J’ai adoré. Puis le rap a changé et c’est devenu « bouteilles de champagne et Mercedes », donc un peu ennuyeux. Depuis quelques années, il renaît, avec des chanteurs comme Josman et Dinos. J’ai donc proposé à mon directeur artistique chez Barclay de réaliser une chanson, Leni, avec une rappeuse. J’ai écrit le texte en anglais, et Speech Debelle est venue à Paris.

« Tous les jours, je me dis que j’ai quand même de la chance d’avoir Catherine, Véronique Sanson, Souad Massi… Elles »

Elle était un peu inquiète, parce qu’elle trouvait la chanson trop poétique. Je lui ai répondu que Leonard Cohen ou Neil Young ou même certains rappeurs sont très poétiques. Elle l’a chantée avec sourire et bonheur, sur un titre pourtant triste au départ.

Vous avez toujours beaucoup chanté en duo, particulièrement avec des femmes, et on retrouve certains de ces succès sur cet album, avec Catherine Ringer et Souad Massi. D’où vous vient ce goût des duos ?

C’est bien de travailler avec des femmes. Catherine Ringer, avec Qu’est-ce que t’es belle, m’a encore fait un cadeau. Cette chanson nous a liés. Je ne suis pas son meilleur ami, ce n’est pas le propos. Tous les jours, je me dis que j’ai quand même de la chance d’avoir Catherine, Véronique Sanson, Souad Massi… Elles m’ont choisi comme je les ai choisies. Ces femmes ont une autorité naturelle, elles dégagent quelque chose de très sain.

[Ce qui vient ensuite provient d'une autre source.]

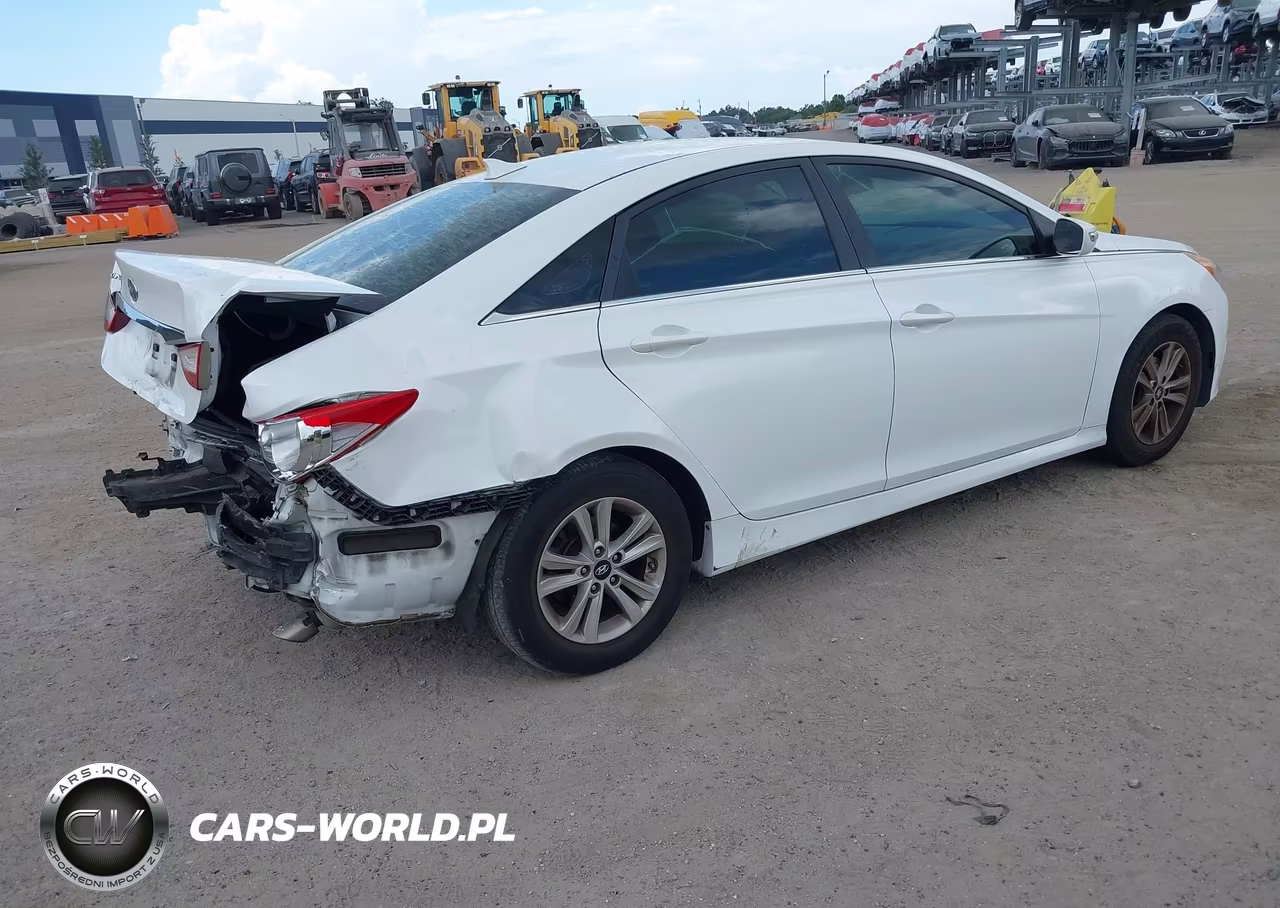 2014 Hyundai Sonata Gls VIN:5NPEB4AC9EH916413 - 4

Cet album compte aussi quatre inédits, à la tonalité très triste. Pourquoi ?

Je me suis vraiment posé la question : Pourrais-je dire encore je t’aime ? La mort et la vie, on ne sait pas ce que c’est. Mais entre les deux, qu’est-ce qu’on peut faire, à part aimer ?

Vous reprenez aussi C’est ça la France, que vous aviez écrite en 1996 en réaction à une phrase de Jean-Marie Le Pen. A-t-elle toujours ce même écho, en 2024 ?

J’ai écrit la chanson à l’époque parce que je ne reconnaissais pas la France. Mais c’est drôle, parce que des gens de droite adorent cette chanson. Politiquement, jamais je ne donnerai une leçon à quelqu’un. Je ne vais pas dire « c’est lui qui a tort » ou « résiste ».

Mes chansons ne sont jamais militantes. Les gens sont intelligents et vont voter où ils veulent. J’ai eu la chance de rencontrer Daniel Cordier. Ce type venait de l’Action française, il était antisémite à la base. Et en entendant Pétain à la radio, ça l’a rendu dingue, il est devenu résistant. Pour moi, c’est un exemple, parce que ce n’est pas une relique du temps passé : c’est un mec de demain, un mec d’aujourd’hui. J’aurais aimé être comme lui, avoir son courage.